▸ What is expected
All lines below between the line with "Balmain Slim-Fit Biker Trousers - Blue" and the line with "DR Fridels Multi", including both, must be copied exactly, and the pictures must be omitted.

▸ Data listing
______
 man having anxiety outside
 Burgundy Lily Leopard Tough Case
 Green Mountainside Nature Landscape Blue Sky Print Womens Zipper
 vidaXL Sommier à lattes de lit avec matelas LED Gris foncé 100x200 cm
______
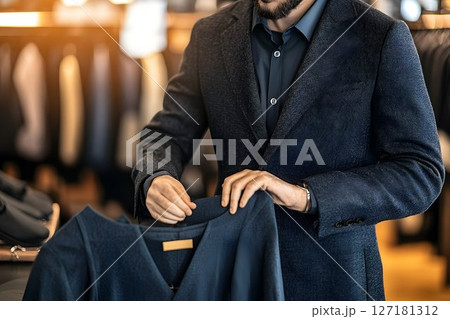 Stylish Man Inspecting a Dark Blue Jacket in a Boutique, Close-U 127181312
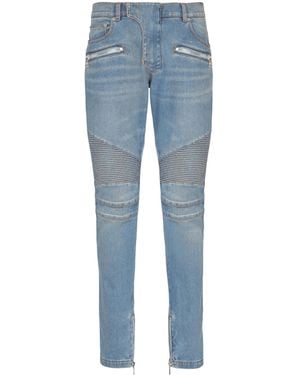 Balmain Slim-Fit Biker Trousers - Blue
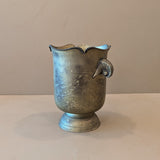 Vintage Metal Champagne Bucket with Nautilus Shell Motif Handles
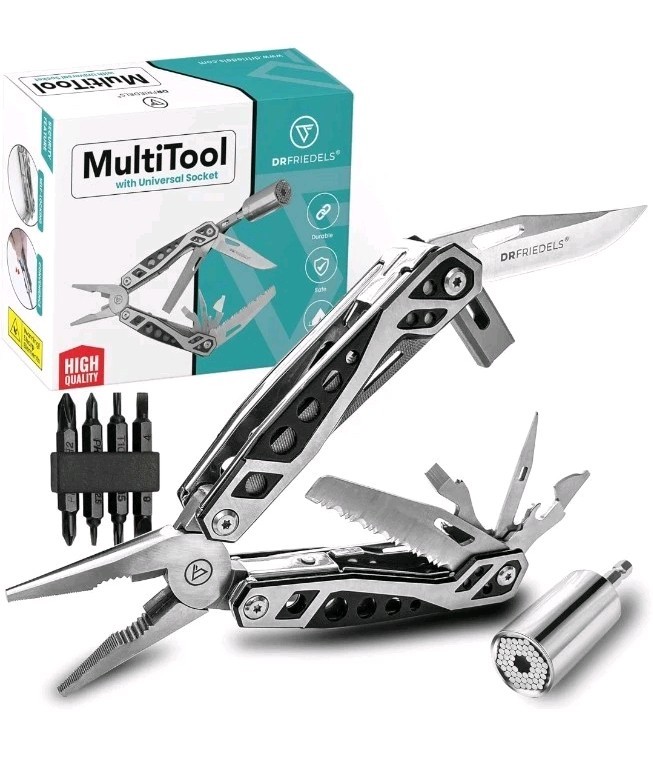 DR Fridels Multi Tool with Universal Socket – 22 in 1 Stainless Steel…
______
▸ Exercise answer
 Balmain Slim-Fit Biker Trousers - Blue
 Vintage Metal Champagne Bucket with Nautilus Shell Motif Handles
 DR Fridels Multi Tool with Universal Socket – 22 in 1 Stainless Steel…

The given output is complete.